The Caldwell case provides another example of what in recent years has been a recipe for controversy—proposed growth on a dead-end rural road with homes. Commissioners had hoped for a compromise that all parties could accept.
“I think there are still opportunities for the neighborhood and applicant to come together,” Commissioner Jeri Hansen said before Adams asked for a vote.
Caldwell Vineyard’s latest proposal would increase annual visitation from 2,340 guests to 13,580 guests, counting both tastings and marketing events. That compares to a previous proposal of 22,880 guests.
The winery located at 270 Kreuzer Lane also asked to increase annual wine production from 25,000 gallons to 35,000 gallons. Planning Commissioners voiced no objections to that request.

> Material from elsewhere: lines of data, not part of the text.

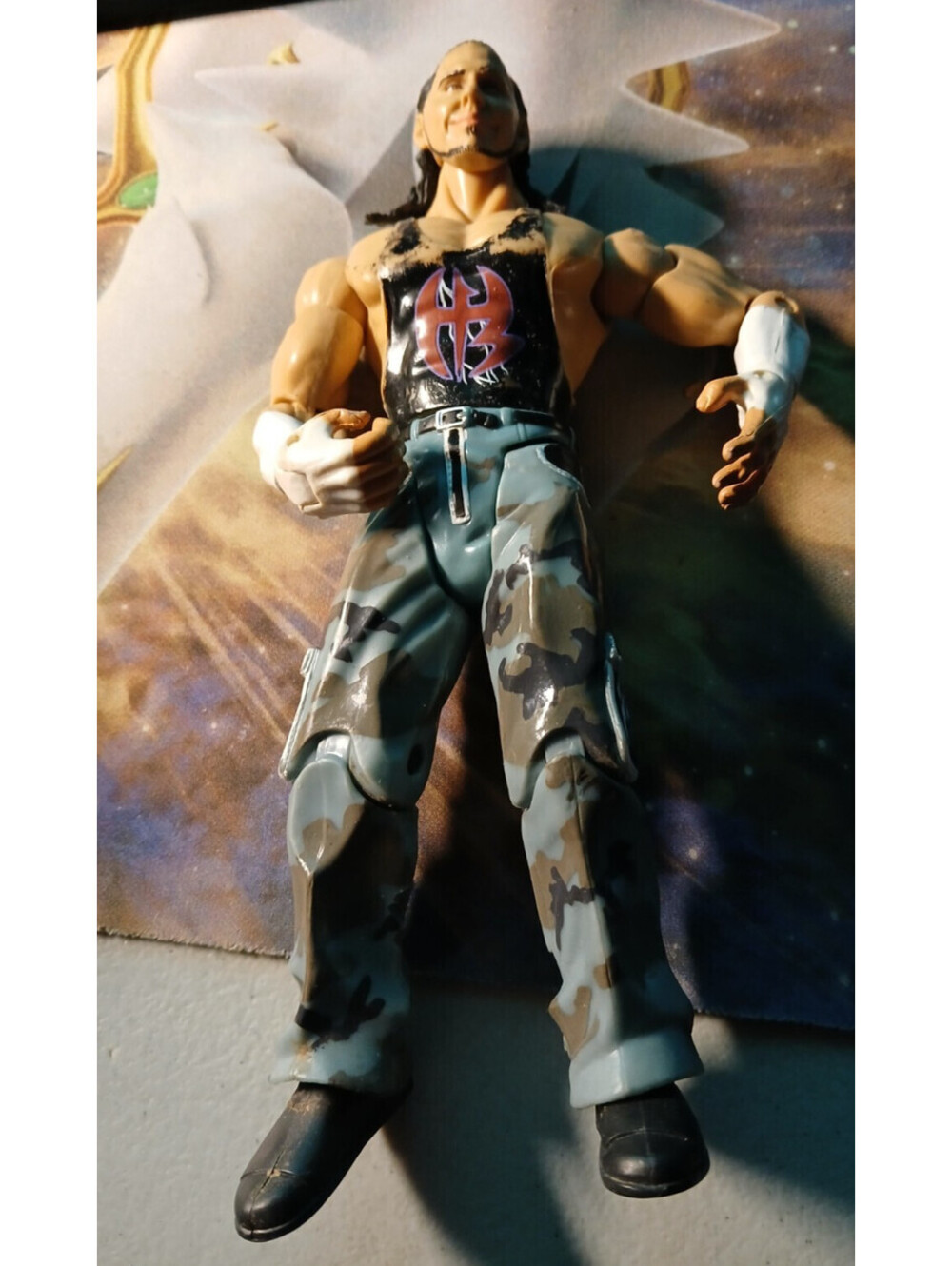 2004 Matt Hardy Jakks Pacific Action Wrestling Figure WWE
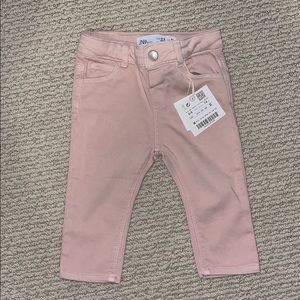 Zara baby girl stretch pants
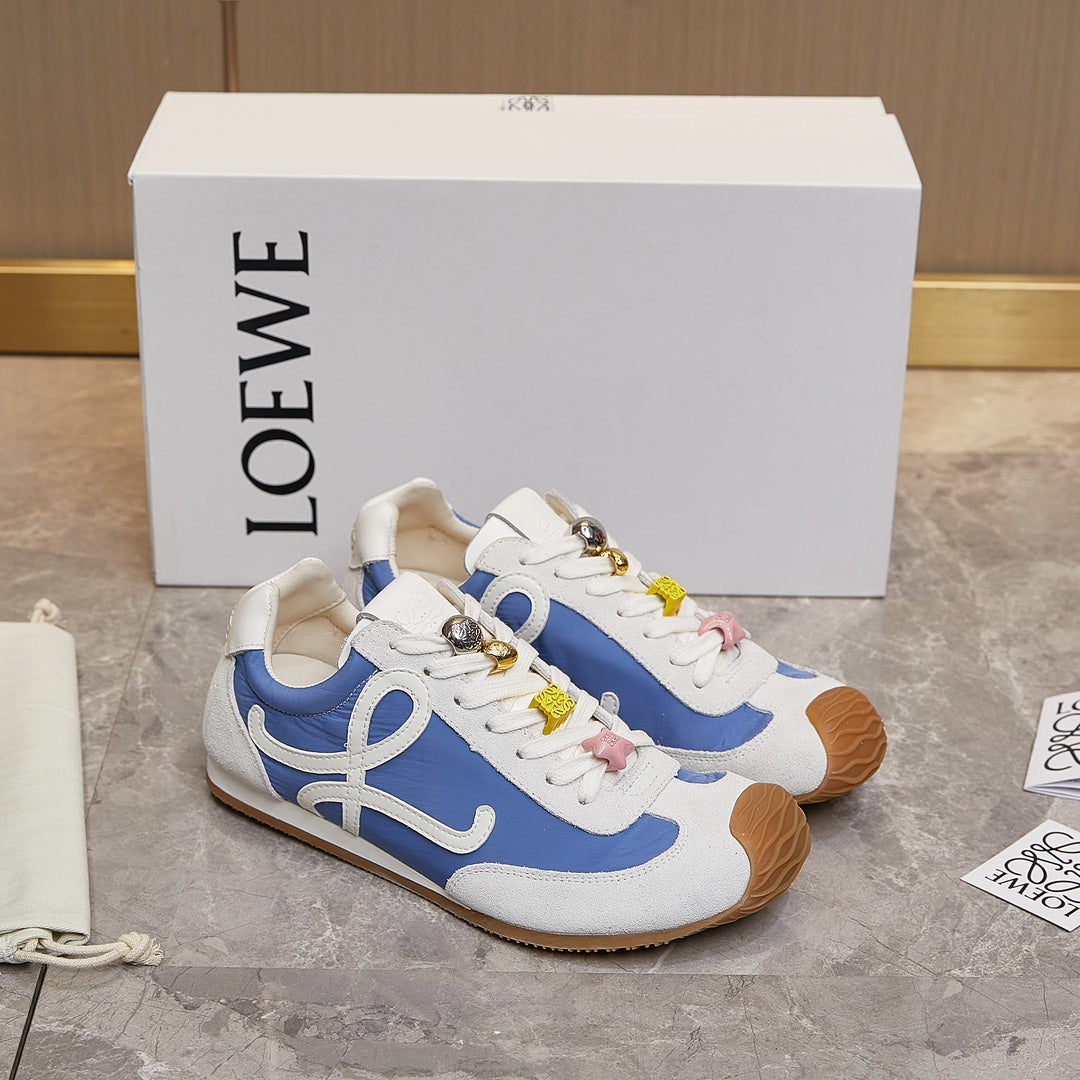 Lo ballet runner sneaker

Winery owner John Caldwell told commissioners how he bought the land on Kreuzer Lane in 1974 and in 1981 starting planting a vineyard there. Farming became an obsession.
“It’s been a love now for 44 years,” Caldwell said. “Part of this love is it’s got to be sustainable economically.”
The business has grown to include tastings and a wine club. The wine club is what keeps the operation growing at about 5 percent a year, he said.
Caldwell Vineyard has about 60 acres of vineyard. It sells 44 percent of its grapes and wants in time to use all the grapes at the winery, he said.
“I’m asking with the application to allow us to sustain our business based on the size of our vineyard,” Caldwell said.
Neighbors have formed the Kreuzer Lane Protection Committee. Several members said they don’t feel that Caldwell Vineyard has worked with them to find solutions to their concerns about such things as winery-generated traffic on their narrow country road.
“The changes in the winery’s latest proposals are minimal, in our neighborhood opinion,” said Joseph Sabella, who has lived on Kreuzer Lane for 28 years.
Attorney Denis Shanagher, who represents the Kreuzer Lane neighbors, wasn’t impressed by the lower visitation proposals, writing that the winery originally sought “an absurd 14 times” the present visitation.
Neighbor Peter Menzel said Caldwell Vineyard has a “marketing, entertainment and nightclub business model.” The proposed 500-percent visitation increase is out of line for the agricultural watershed and a wildfire-prone area, he said.
Adams said the winery has worked with the county to improve intersection safety at Fourth Avenue and Kreuzer Lane in response to neighborhood concerns. The winery has a community liaison to work with neighbors and will hold an annual neighborhood meeting, he said.
The Caldwell request complies with county rules, he said.
“Agriculture, despite what a lot of people think, includes wineries and it includes marketing,” Adams said. “It’s in the definition of agriculture in the general plan and the code. I know that some people don’t want to hear that.”
Neither the neighborhood group nor the Planning Commission reached consensus and suggested what the number of visitors should be, he said.
Adams suggested during the meeting that the winery have seasonal variations in daily visitation, which would lower the overall visitation growth request. Commissioners weren’t ready to accept the offer on the spot without staff analysis.
“I’m not interested in horse-trading numbers here at the hearing,” Commission Dave Whitmer said.